Not only is love being undervalued in our society, it is being pushed down our list of priorities. It is being passed over for ideologies, for possessions, for financial success – yes, all things worth pursuing, but ultimately meaningless if we don’t have anyone to share them with.
The thing about love is, it is one of the very few things that all of us share, regardless of where we are from, what we do or don’t believe in, or any other circumstances. It binds us together as human beings and is something that every last one of us craves. We just all have different ways of showing it.
But, in order to accept this type of love from anyone else, we first need to have it for ourselves. I don’t mean the cliche, social media-esque self love that is reliant on likes and comments of photos of us. Real self-love is the recognition of our worth, our value, and what we deserve. Only after we recognize that will we develop the ability to set our standards and accept nothing less.
Once we do, though, we can go a step beyond receiving this love into something even better: Being able to give it. The realization that the best kind of happiness is when you are happy because you’ve made someone else happy. The type of love that makes you care less about where you are and what you have – and more about who you’re with.
The type of love that this generation is missing only comes from building real connections with real people. Social media is fantastic and none of you would be reading this article if it didn’t exist, but so many of us are so concerned with projecting a happy life online, that we forget to actually work on building one.
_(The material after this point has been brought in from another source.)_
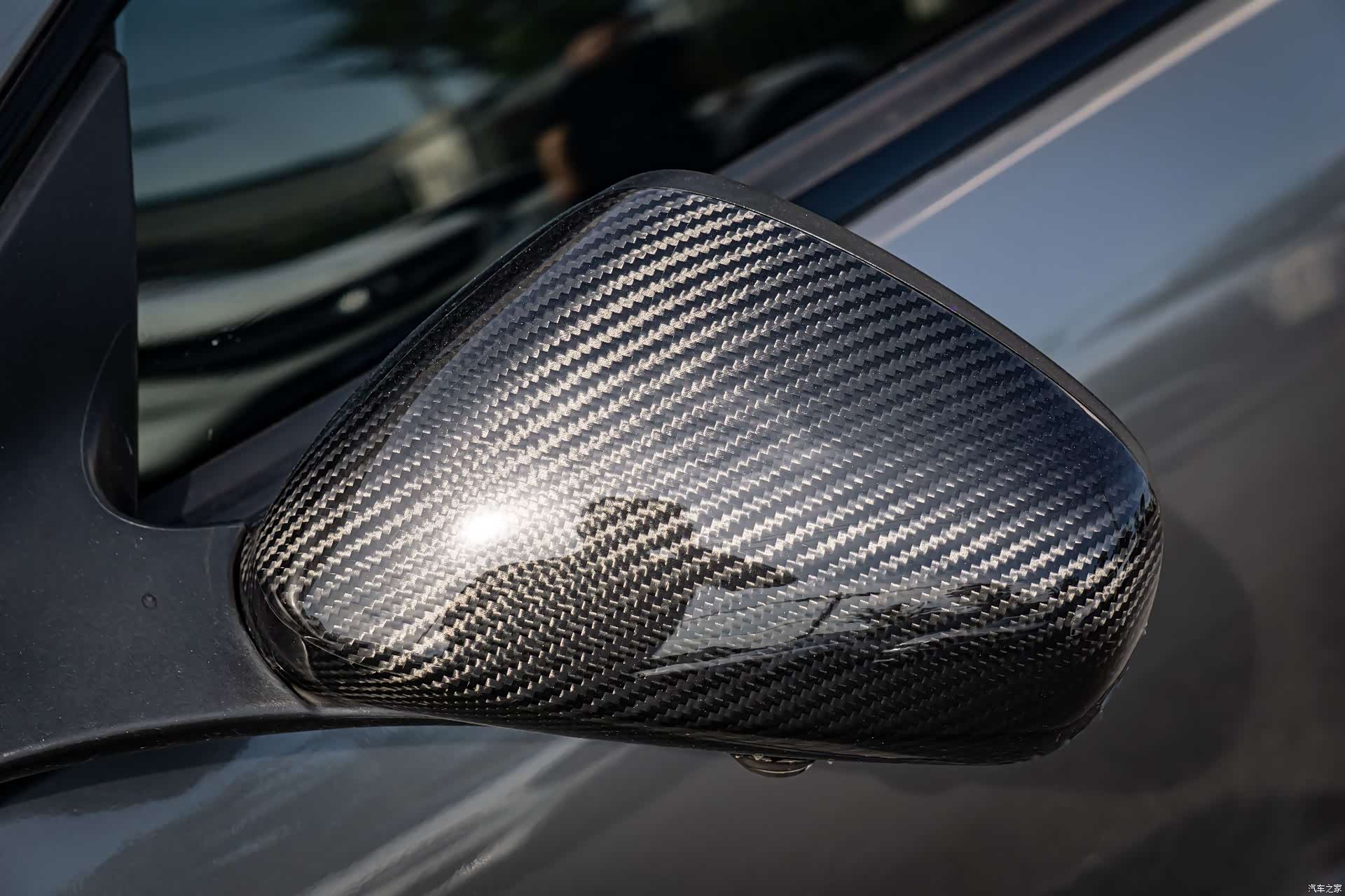 Maserati GranTurismo, 2013 4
If we want to feel the love that makes life worthwhile, we have to come out from behind the computer screens and smartphones and really experience each other. To separate our normal habits of perpetual replacement of items that become obsolete and clothing that goes out of style, from the way we treat each other. To stop thinking of each other as replaceable and to understand that a world of unique experiences and insights resides in each one of us.
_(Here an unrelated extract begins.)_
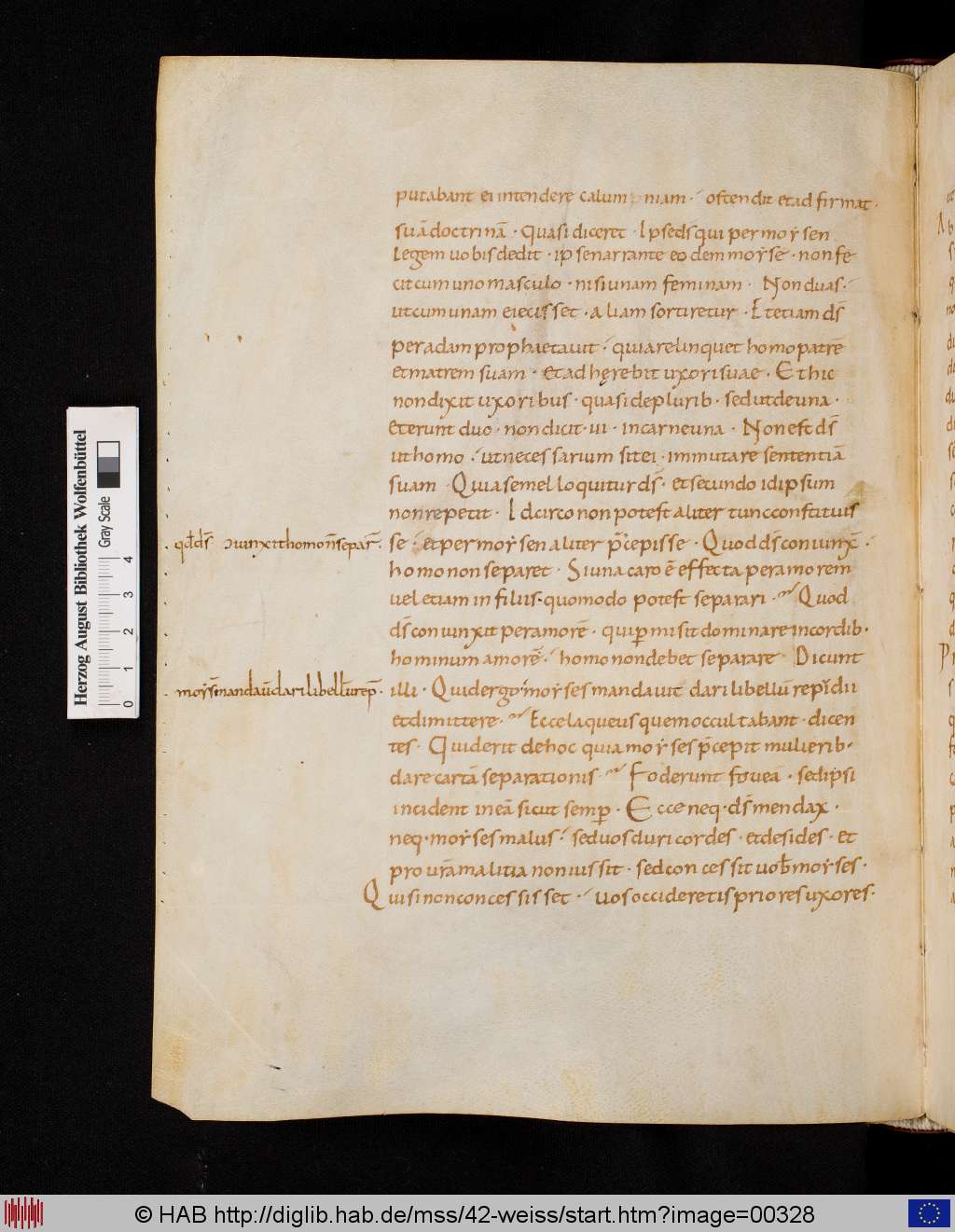 http://diglib.hab.de/mss/42-weiss/00328.jpg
To truly love someone is to see them as an asset in your life. To understand how they make you, and all of your experiences, better. To link your emotions to theirs. To share in their sadness and to lend them your strength during their hard times.
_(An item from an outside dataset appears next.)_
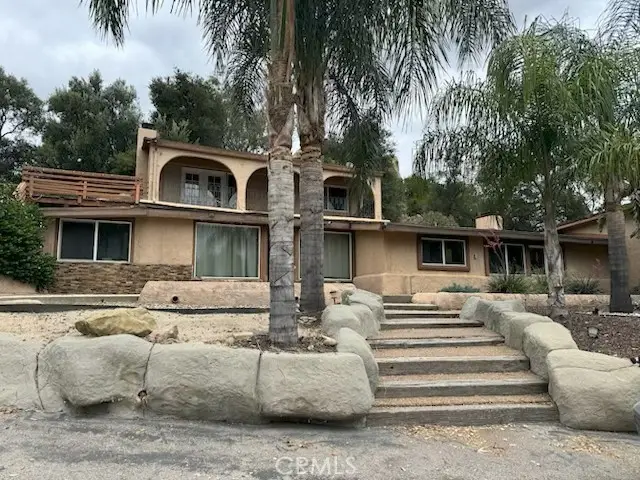 22231 Chatsworth, Chatsworth, CA 91311 - #1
When you love someone – when you really love someone, it’s not a matter of convenience. It’s not only something you do when times are good, it is the very foundation of staying together when times are not as good. When they are bad. When life is tough. That’s when you pull those you love closer, not push them away. It’s the cornerstone of your willingness to fix something you might feel is broken instead of just throwing it away.
That’s the type of love this society is missing. And we need more of it.